MRP2 expression is modulated during active states of intestinal inflammation. a-c) Histopathology of the proximal large colon of mice following a 48 h infection with physiologic buffer (HBSS; a), SL1344 (b), and EE633 (c). Sections are stained with hemotoxylin and eosin (H and E) and represent a magnification of 20X. d-f) Immunohistochemistry of the expression pattern of MRP2 in the proximal large colon performed on the same set of mice described for a-c. Panels d, e, f represent buffer control, SL1344, and EE633 infected mice, respectively; 10X magnification. The enhanced boxed image in panel e illustrates the apical expression of MRP2 as denoted by the green arrows. g and h) Gross examination of the anal region in mice induced to exhibit characteristics of IBD using the CD4+ CD45RB^hi T cell adoptive transfer model. Following induction of disease the mice generally exhibit significant rectal prolapse. i) Gross examination of the diseased mice (CD4+ CD45RB^hi T cell adoptive transfer model) following a therapeutic intervention strategy using the 12/15-LOX inhibitor baicalein. j-l) H and E stained proximal colonic sections of mice not induced for IBD (j), mice induced for IBD (k), and mice induced for disease and then therapeutically treated with baicalein (l); 20X magnification. m) PMN infiltration into the proximal colon quantified by tissue myeloperoxidase (MPO). Data are expressed as the mean ± SD and represent groups of five mice per data set and the experiment was performed three times with similar results.

Figure 5

12/15-LOX activity and the expression of MRP2 are linked events in response to active states of intestinal inflammation. a) Immunoblot analysis of MRP2 expression during apical infection of SL1344 in the absence and presence of the 12-LOX inhibitor baicalein, as described in Methods.

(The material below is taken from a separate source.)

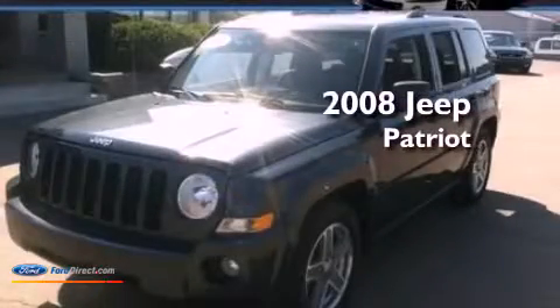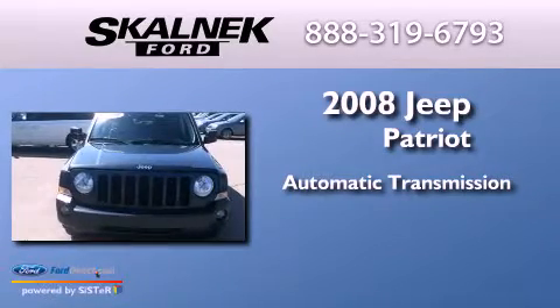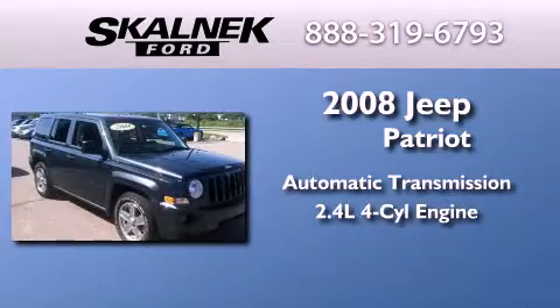This is a 2008 Jeep Patriot. This crossover has an automatic transmission and an inline four-cylinder engine.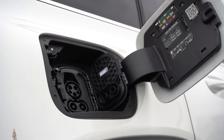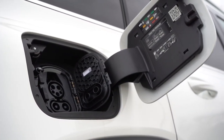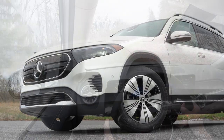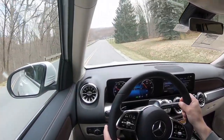The driving range comes in at 250 miles, approximately 7 miles over the EQB 300. As far as charging goes, it can charge from 10 to 80 percent in approximately 31 minutes. The battery warranty is 8 years or 100,000 miles, with a standard 4-year, 50,000-mile bumper-to-bumper warranty.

For each sample 25 μg of protein was isolated from the membrane fraction and run on a 10% polyacrylamide PAGE gel and immunoblotted for MRP2. The data represent a single experiment and are repetitive of at least three experiments performed. b) Immunohistochemistry depicting the localization of MRP2 to the apical epithelial surface of the proximal colon in mice treated in the absence and presence of 12/15-LOX inhibition using the CD4+ CD45RB^hi T cell adoptive transfer model of IBD: (i) represents the healthy control which did not undergo the adoptive transfer of the CD4+ CD45RB^hi T cells; (ii) represents mice induced for IBD; and; (iii) represents mice induced for IBD and then therapeutically treated with baicalein. 10X magnification. c) Human intestinal biopsy specimens stained for MRP2: (i) healthy colonic section; (ii) colonic section from a patient with active Crohn's disease, (iii); colonic section from a patient with active ulcerative colitis (20X magnification). Data represent a single experiment that is representative of eight patient colonic biopsy specimens examined (four each for Crohn's and ulcerative colitis patients).